The move, which Qantas chief information officer Paul Jones said could save the company millions of dollars a year, is the latest in a series of setbacks for BlackBerry maker Research In Motion, which has seen a number of high profile businesses turning away from its handsets in favor of ones made by Apple.
Speaking about the decision, Jones said, “We haven’t started [the changeover] yet but it’s not just the crew. We’re actually moving away from BlackBerry across the board. Transition from the Blackberry to the iPhone is part of Qantas’s broader mobility strategy and once complete will result in significant cost savings.”
He added that there had been “strong demand” from workers to allow them to use Apple’s popular handset, citing the iPhone’s “user-friendly interface and simple access to emails, contacts and calendars,” as reasons for the choice. Jones confirmed that the iPhone met all of Qantas’s security requirements.
And as if to rub salt into the wound for RIM, Jones also said that the airline was looking at ways to allow staff to use Android devices on a bring-your-own basis.
Qantas isn’t the country’s only major corporation to have turned its back on the BlackBerry, The Australian reported. Earlier this year IBM Australia also announced it would no longer be buying the handset for corporate use.

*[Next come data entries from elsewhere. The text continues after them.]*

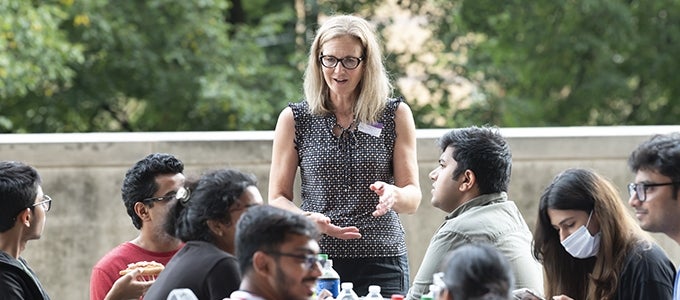 Vice Provost Amanda Godley speaking with students at Graduate Global Mentors picnic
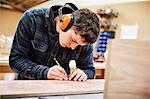 A furniture workshop making bespoke contemporary furniture pieces using traditional skills in modern design. A man marking a piece of wood with a pencil.
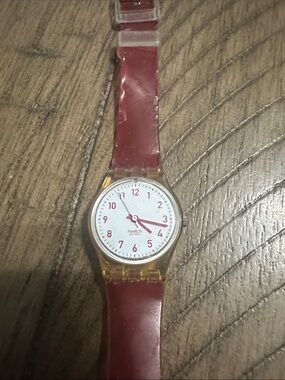 Swatch Kids Watch with Red Strap and Clear Amber Case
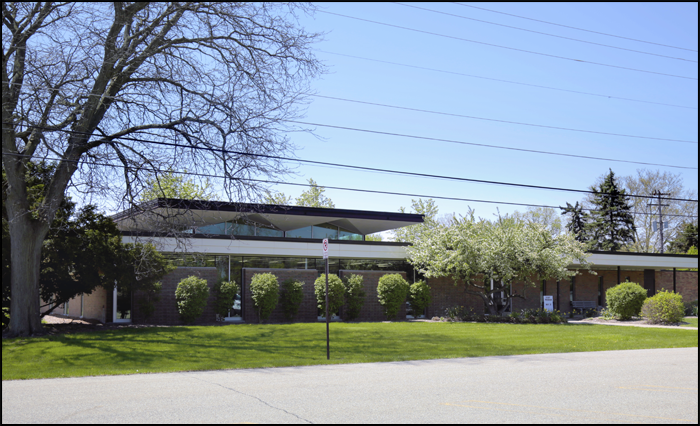 exterior view of library building with modern roof design trees and landscaped lawn in front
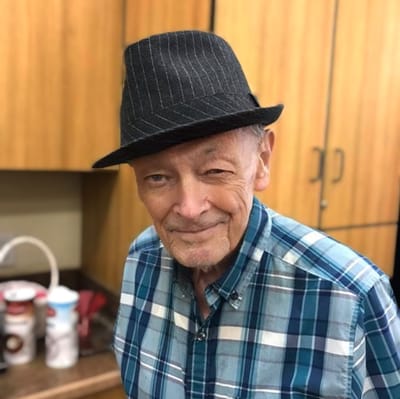 A senior man smiling while wearing a hat in a kitchen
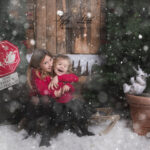 Selfie avec le Père Noël : Deux enfants prennent joyeusement un selfie avec le Père Noël, tous souriants, entourés de cadeaux colorés et de décorations festives dans un salon lumineux.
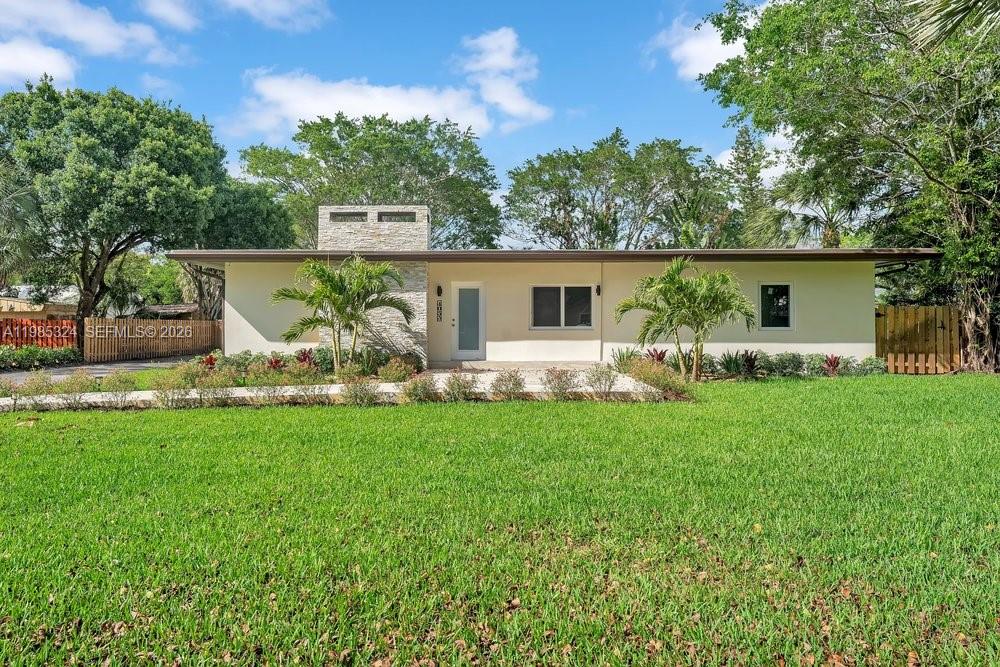Completely renovated 4-bedroom, 2-bathroom home on a half-acre lot in the highly desirable Country Club Estates. This turnkey property has been upgraded from top to bottom with high-end finishes, featuring a custom luxury kitchen by Poggenpohl with premium craftsmanship and modern design, along with fully updated bathrooms and impact windows throughout for security and efficiency. The spacious, open layout offers abundant natural light and seamless indoor-outdoor living. Step outside to a large private backyard with a pool and plenty of space for entertaining or future expansion. Located in a quiet, well-maintained community adjacent to the golf course, offering privacy and a premium setting. Conveniently located near major highways, shopping, dining, and just minutes to Fort Lauderdale in a safe, established neighborhood.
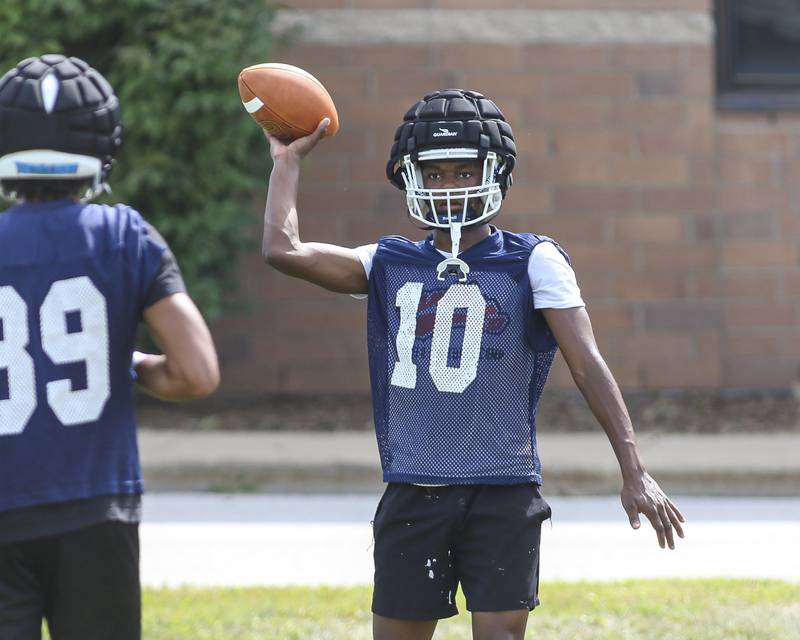 Jordan Walker tosses the ball to Dontrell Young at Oswego High School Football Practice, Monday, Aug 11, 2025  in Oswego.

Global companies including the likes of oil giant Halliburton have, in recent months, also outlined plans to stop using BlackBerry devices, as has the US government’s main procurement agency, the General Services Administration (GSA).
The gradual disappearance of BlackBerry business customers is a matter of enormous concern for RIM executives. The company’s CEO, Thorsten Heins, said in March that in order to get the beleagured company back on track, he wanted to “focus on the enterprise business.”
With the rise in popularity of Apple’s iPhone, as well as devices powered by Google’s Android mobile operating system, RIM has seen its business decimated, especially in North America. Its image has also been tarnished by its dismal attempt to make an impact in the tablet market with its PlayBook device and delays in the launch of its next-generation BlackBerry 10 devices, currently due for release in the early part of next year.
In other Qantas-related news, it seems that the iPhone is not the only Apple product that Australia’s national carrier has fallen for. A recent report said that from September the airline will be handing out 2200 iPads to its pilots, allowing it to reduce weight on its aircraft by doing away with the usual paper-based flight manuals.
Qantas is far from being the first airline to start equipping pilots with iPads. Those at American Airlines, United Airlines and Alaska Airlines have also been using Apple’s tablet in place of heavier, paper-based manuals.